Chatham University

Internships and Experiential Learning

An internship, job shadow experience, or informational interview through Chatham University will provide you with the opportunity to learn from professionals in a real work environment and to develop your knowledge, skills, and professional competencies in your field of study. Ultimately, the more internships and experiential learning you complete, the more marketable you will be to employers!


+What is Experiential Learning?

Experiential learning is knowledge gained outside of the classroom through internships, job shadowing, employment, volunteering, informational interviewing, and other real world experience.

+What is an Internship?

"An internship is a form of experiential learning that integrates knowledge and theory learned in the classroom with practical application and skills development in a professional setting. Internships give students the opportunity to gain valuable applied experience and make connections in professional fields they are considering for career paths; and give employers the opportunity to guide and evaluate talent." National Association of Colleges & Employers (NACE)

+Are internships required?

Yes, all undergraduate students are required to earn at least 3 credits of internship and can earn as many as 17 over the course of their undergraduate education. Some majors require more than 3 internship credits.

+When can a student do an internship?

After completing their first term at Chatham, students who have at least a 2.0 GPA and the approval of their academic advisors can complete internships in any term. International students must obtain approval to pursue an internship from the Office of International Affairs.

+What kinds of internships do students complete?

Students do internships that are relevant to their majors and interests in businesses, government, and in for-profit and non-profit organizations in Pittsburgh and beyond. Examples from the 2014-2015 academic year include a Communications major with the Pittsburgh Pirates, a Business Marketing and Management major with the Muscular Dystrophy Association, a Criminology major at Shuman Juvenile Detention Center, a Political Science major with May Law Group, an Economics major with the U.S. Commercial Service, an Integrative Health Studies major at The UPMC Center for Integrative Medicine, a Psychology major with Renewal Incorporated, an Environmental Studies major with Clear Water Action, an Arts Management major with Pittsburgh Center for Creative Reuse, Biology majors at Animal Rescue League Wildlife Center and the Carnegie Science Center, and a Human Biology major at a midwifery clinic in Peru.

+How does Career Development assist students with internships?

Students receive guidance in each step of the internship process from a Career Consultant. Steps include: assistance with finding an internship site, application and interview preparation, completion and registration of the internship learning agreement, and guided reflection and evaluation. Career Development collaborates with faculty and site supervisors to ensure the best internship experience possible.

+Can my internship count as my Work Study/Student Employment position?

No, students must choose between receiving academic credit and being paid through the Federal Work Study/Student Employment Programs.

+How do students register an internship for academic credit?

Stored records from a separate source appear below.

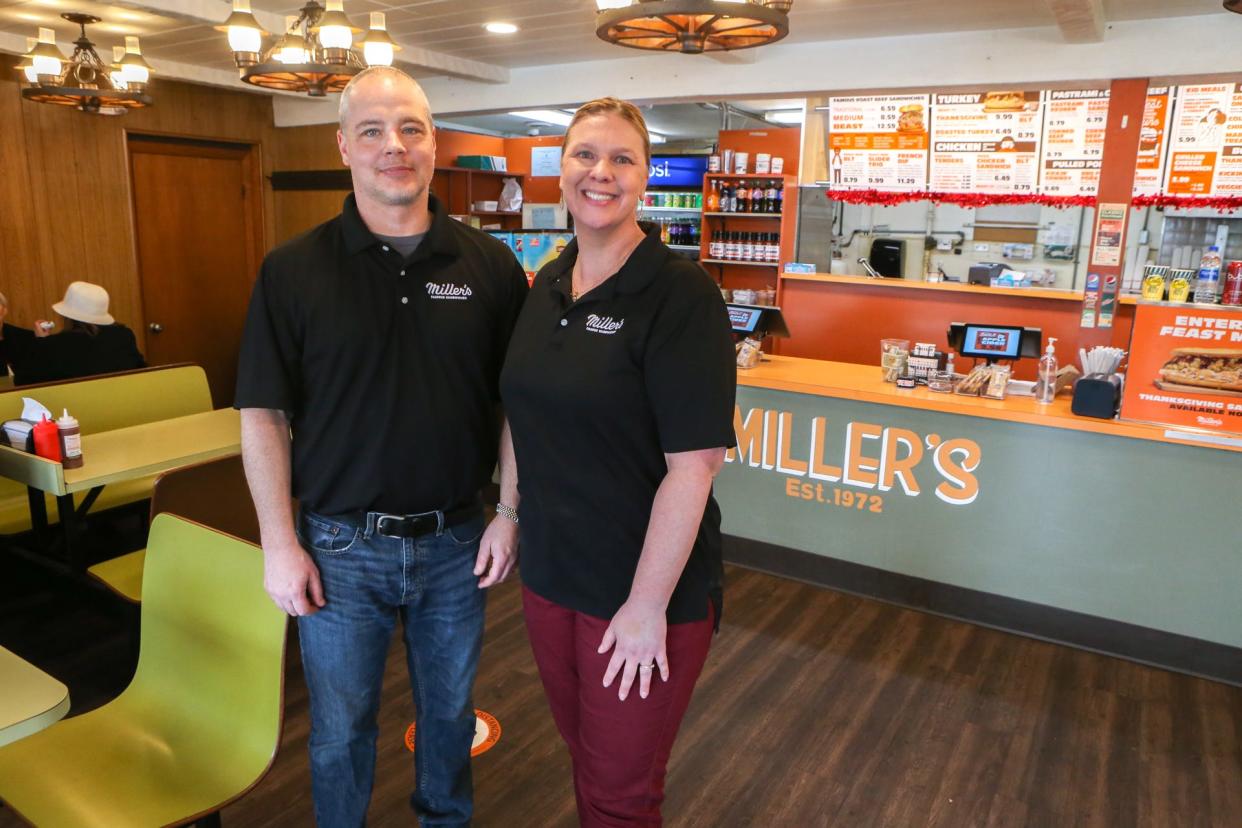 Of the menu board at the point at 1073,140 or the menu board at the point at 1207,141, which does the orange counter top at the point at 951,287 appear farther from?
the menu board at the point at 1207,141

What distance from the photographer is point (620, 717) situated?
1524 millimetres

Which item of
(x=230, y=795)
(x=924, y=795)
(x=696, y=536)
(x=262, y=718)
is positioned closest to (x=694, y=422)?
(x=696, y=536)

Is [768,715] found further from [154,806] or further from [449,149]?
[449,149]

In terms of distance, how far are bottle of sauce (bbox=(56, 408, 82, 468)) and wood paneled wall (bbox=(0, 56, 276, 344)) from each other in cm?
358

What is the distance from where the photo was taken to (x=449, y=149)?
7469mm

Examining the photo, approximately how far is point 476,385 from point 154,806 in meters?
1.04

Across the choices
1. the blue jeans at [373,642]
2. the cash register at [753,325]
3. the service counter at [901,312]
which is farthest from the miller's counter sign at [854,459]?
the service counter at [901,312]

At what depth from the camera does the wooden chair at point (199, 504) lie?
2.62m

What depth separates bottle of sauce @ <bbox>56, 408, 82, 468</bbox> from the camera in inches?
114

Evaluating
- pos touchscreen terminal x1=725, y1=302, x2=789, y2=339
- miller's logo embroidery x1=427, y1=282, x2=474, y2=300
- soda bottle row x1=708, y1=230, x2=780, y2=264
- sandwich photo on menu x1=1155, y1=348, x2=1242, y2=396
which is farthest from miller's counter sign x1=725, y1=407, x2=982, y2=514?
soda bottle row x1=708, y1=230, x2=780, y2=264

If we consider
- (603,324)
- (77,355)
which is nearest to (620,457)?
(603,324)

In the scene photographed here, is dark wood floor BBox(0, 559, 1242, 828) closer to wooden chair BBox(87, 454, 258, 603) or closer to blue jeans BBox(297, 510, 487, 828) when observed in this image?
wooden chair BBox(87, 454, 258, 603)

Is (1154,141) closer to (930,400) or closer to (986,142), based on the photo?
(986,142)

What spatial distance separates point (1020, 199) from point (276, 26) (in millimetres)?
4698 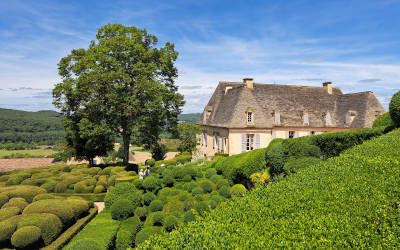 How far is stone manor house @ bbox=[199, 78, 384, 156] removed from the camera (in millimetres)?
34062

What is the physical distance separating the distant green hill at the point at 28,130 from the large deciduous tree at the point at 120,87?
83.9 m

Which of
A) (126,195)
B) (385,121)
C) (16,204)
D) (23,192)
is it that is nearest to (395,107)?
(385,121)

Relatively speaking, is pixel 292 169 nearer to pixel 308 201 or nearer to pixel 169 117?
pixel 308 201

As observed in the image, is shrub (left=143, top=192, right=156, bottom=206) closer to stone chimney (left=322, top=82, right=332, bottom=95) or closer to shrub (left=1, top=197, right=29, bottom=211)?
shrub (left=1, top=197, right=29, bottom=211)

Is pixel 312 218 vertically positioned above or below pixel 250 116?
below

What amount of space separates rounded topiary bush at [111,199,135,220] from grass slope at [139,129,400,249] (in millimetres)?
9843

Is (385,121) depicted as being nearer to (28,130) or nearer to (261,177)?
(261,177)

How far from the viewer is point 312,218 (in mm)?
6551

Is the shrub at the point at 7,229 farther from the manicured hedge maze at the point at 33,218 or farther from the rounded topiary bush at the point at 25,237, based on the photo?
the rounded topiary bush at the point at 25,237

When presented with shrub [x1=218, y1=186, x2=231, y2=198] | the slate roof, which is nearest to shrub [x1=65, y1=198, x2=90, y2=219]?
shrub [x1=218, y1=186, x2=231, y2=198]

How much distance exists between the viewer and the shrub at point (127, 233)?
1421 centimetres

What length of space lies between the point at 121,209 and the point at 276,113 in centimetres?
Result: 2276

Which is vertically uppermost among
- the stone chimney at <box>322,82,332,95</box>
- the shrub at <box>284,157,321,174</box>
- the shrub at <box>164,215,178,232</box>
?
the stone chimney at <box>322,82,332,95</box>

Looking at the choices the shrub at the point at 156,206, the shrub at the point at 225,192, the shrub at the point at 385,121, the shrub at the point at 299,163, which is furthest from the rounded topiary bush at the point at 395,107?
the shrub at the point at 156,206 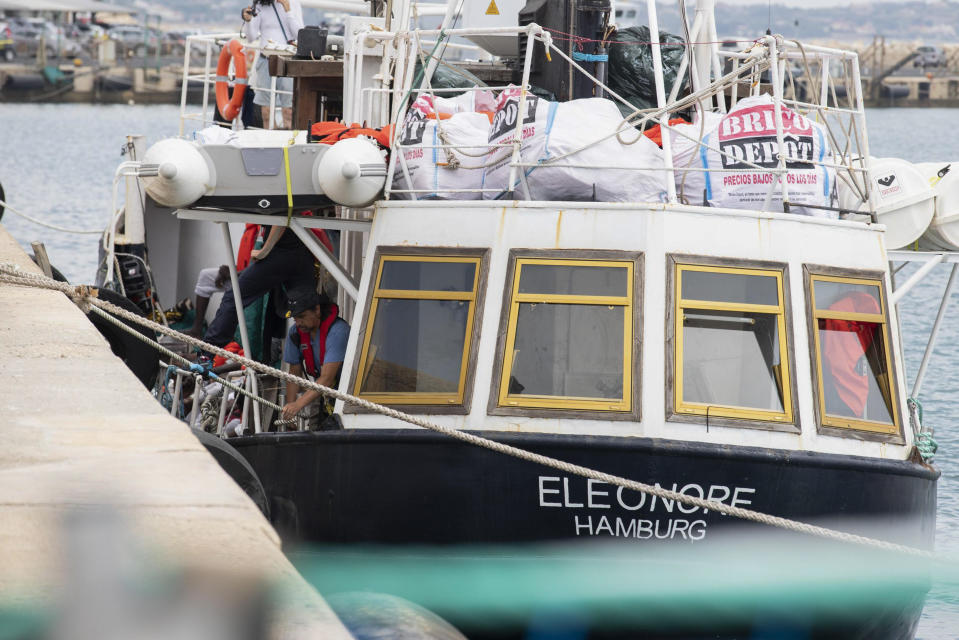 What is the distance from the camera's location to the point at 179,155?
7590mm

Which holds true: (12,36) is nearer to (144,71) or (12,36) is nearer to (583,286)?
(144,71)

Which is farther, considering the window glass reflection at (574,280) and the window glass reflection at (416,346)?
the window glass reflection at (416,346)

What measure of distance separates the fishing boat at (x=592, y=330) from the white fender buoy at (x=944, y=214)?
3.56 feet

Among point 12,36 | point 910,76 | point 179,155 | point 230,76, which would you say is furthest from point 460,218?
point 910,76

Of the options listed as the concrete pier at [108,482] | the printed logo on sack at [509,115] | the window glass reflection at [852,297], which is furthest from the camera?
the printed logo on sack at [509,115]

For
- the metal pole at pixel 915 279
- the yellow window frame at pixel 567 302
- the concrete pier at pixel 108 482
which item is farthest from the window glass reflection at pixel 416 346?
the metal pole at pixel 915 279

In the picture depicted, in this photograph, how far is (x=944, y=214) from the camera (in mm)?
8734

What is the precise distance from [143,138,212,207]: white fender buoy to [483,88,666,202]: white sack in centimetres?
176

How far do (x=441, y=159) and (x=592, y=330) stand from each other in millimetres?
1576

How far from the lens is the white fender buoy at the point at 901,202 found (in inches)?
335

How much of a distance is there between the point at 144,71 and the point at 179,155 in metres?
87.5

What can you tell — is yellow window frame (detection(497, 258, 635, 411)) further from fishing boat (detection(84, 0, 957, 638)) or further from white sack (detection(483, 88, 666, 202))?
white sack (detection(483, 88, 666, 202))

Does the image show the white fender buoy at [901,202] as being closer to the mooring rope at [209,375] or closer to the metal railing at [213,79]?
the mooring rope at [209,375]

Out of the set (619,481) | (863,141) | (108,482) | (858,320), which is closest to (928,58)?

Visit the Registering Your Internship page.

+How do students prepare for their internship experiences?

At the beginning and end of each semester the Career Development Office offers Internship Preparation Workshops to prepare students for their upcoming internship experiences. Students will learn best practices, networking skills, and how to leave a lasting impression through group discussion and shared best practices. The Internship Preparation Workshop is now a requirement for students to attend, prior to completing an internship for academic credit.